Campeão da camisa branca do Tour de France faz revelação “não olho para o medidor de potência, nem uso monitor cardíaco”
O alemão Florian Lipowitz (Red Bull Bora-hansgrohe), de 25 anos, foi uma das grandes revelações da temporada.
Com seus impressionantes terceiros lugares no Critérium du Dauphiné e no Tour de France, ficando atrás apenas de Tadej Pogacar (UAE Emirates) e Jonas Vingegaard (Visma-Lease a Bike), o ciclista fez história, ao se tornar o 1º alemão a conquistar a camisa de melhor jovem do Tour de France desde Jan Ullrich.
No entanto, o que poucos sabem é o método pouco convencional que ele utiliza para manter o foco e o controle emocional: simplesmente não olhar para o medidor de potência, conforme revelou ao canal alemão Ramp Table Talk.

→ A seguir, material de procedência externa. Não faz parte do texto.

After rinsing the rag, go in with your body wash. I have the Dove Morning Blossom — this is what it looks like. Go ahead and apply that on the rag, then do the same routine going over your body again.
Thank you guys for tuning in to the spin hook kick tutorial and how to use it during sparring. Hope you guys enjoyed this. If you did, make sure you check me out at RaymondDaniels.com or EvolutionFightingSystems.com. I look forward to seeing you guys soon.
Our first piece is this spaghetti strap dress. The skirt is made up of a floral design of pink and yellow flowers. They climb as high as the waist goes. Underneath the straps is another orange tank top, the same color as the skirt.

“Na 2ª semana percebi que poderia lutar por um lugar no pódio“
Mais do que pelos resultados, Lipowitz chamou atenção pela maturidade com que enfrentou a pressão nas duas grandes competições.
Muitos especialistas acreditam que ele poderá em breve desafiar as duas grandes estrelas dos Grand Tours, Tadej Pogacar e Jonas Vingegaard, mesmo com a chegada do novo colega de equipe, Remco Evenepoel.
“Tentei não demonstrar, mas chegar a Paris foi definitivamente um grande alívio”, iniciou Lipowitz na entrevista ao Ramp Table Talk.
“Antes do Tour começar, eu não tinha grandes objetivos; só queria aguentar as 3 semanas e chegar a Paris. Foi apenas na 2ª semana que percebi que poderia lutar por um lugar até no pódio, e é claro que isso aumenta um pouco a pressão”, revelou o confiante alemão.

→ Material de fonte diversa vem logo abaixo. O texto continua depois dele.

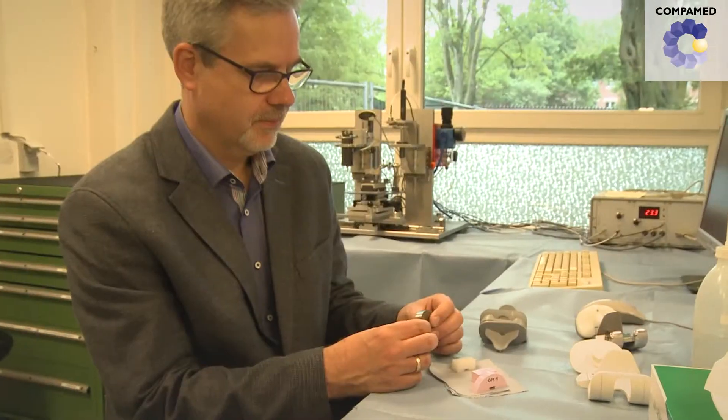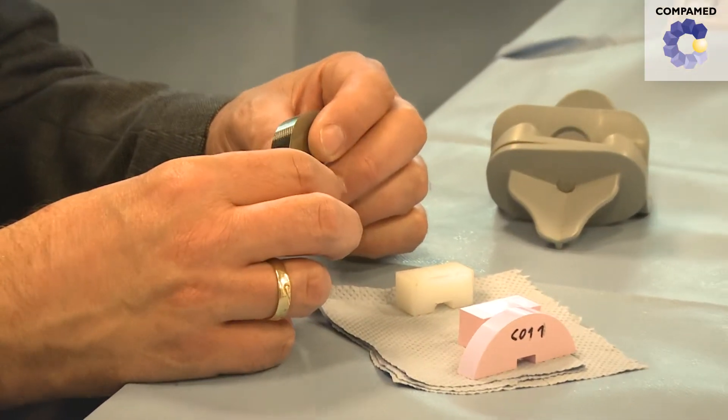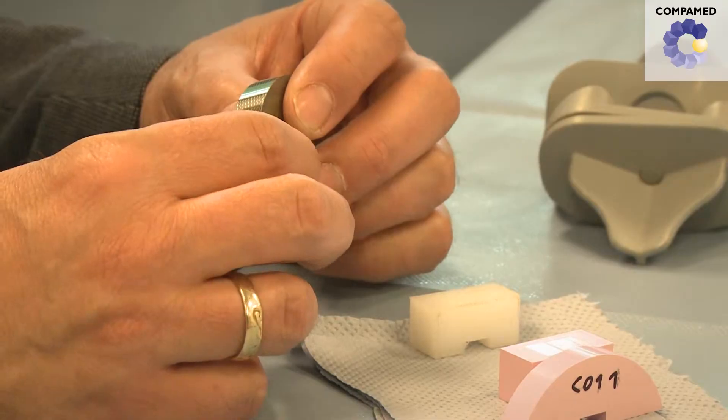Our studies on wear and tear of these ceramic prosthetics have shown that we were also able to verify reduced wear and tear in this instance, which is comparatively as low as we have already seen with the artificial hip, and we assume that this can then also be carried over to a finished prosthetic knee product.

“Não olho para o medidor de potência nem uso monitor cardíaco”
Durante a 1ª semana do Tour, Lipowitz trabalhou como gregário de Primoz Roglic. Apenas na 2ª semana ganhou liberdade para buscar resultados pessoais. Mesmo assim, ele manteve uma abordagem surpreendentemente intuitiva: pedalar sem depender de dados tecnológicos.
“Não olho para o medidor de potência nem uso monitor cardíaco. Se eu visse que minha frequência cardíaca estava 15 batimentos por minuto acima do normal em comparação com o treino, ficaria pensando nisso durante toda a prova”, revela Lipowitz.

“Simplesmente pedalo de acordo com a sensação”
“Então, ignoro tudo isso e simplesmente pedalo de acordo com a sensação; é a melhor maneira para mim”, complementou Lipowitz.
Essa atitude, incomum no pelotão do WorldTour, contrasta com o comportamento da maioria dos ciclistas de elite, que confiam quase cegamente em métricas e números para definir estratégias e limites.

“A sensação certa é só quando restam 5 ciclistas na frente e eu estou”
Para Lipowitz, a confirmação de que está no caminho certo vem de dentro, e não do visor eletrônico.
“Você sabe que treinou bem e os números são bons. Mas, para mim, a sensação certa só vem quando restam 5 ciclistas no grupo da frente e eu ainda estou lá. É aí que sei que tudo está em ordem”, Finalizou Florian Lipowitz.